On the platform another side came out. The dignity and the inborn sense of worth and power still were there, but all was subdued to the exquisite beauty of the spiritual message which he had brought, to the sublimity of that matchless truth of the East which is the heart and the life of India, the wondrous teaching of the Self. Enraptured, the huge multitude hung upon his words; not a syllable must be lost, not a cadence missed! ‘That man, a heathen!’ said one, as he came out of the great hall, and we send missionaries to his people! It would be more fitting that they should send missionaries to us!’ ”

 

Annie Besant (1847-1933)

Annie Besant was a half-Irish woman of boundless energy.

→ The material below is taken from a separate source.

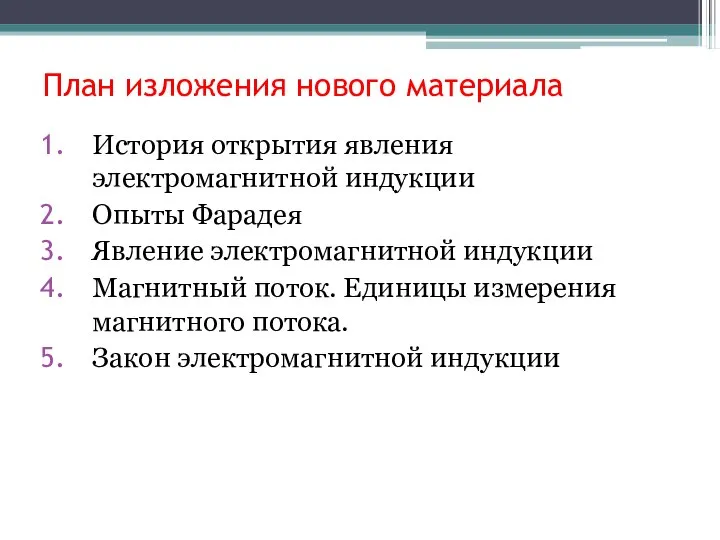 План изложения нового материала История открытия явления электромагнитной индукции Опыты Фарадея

Mrs Besant began social reform work in London and joined first the Fabion Society and then the Theosophical Society in 1889. She was elected President of the Theosophical Society in 1907 and held that position until her death. Her life in India began in 1893 with lecture tours and expressed her views through a weekly newspaper, New India. She founded the Home Rule League in 1916 and campaigned in London for constitutional reform.

She was elected President of the Indian National Congress in 1871. The Indian Boy Scouts Association, the Women’s Indian Association, the Society for the Promotion of National Education, and a National University of Adyar near Madras are all her gifts to India.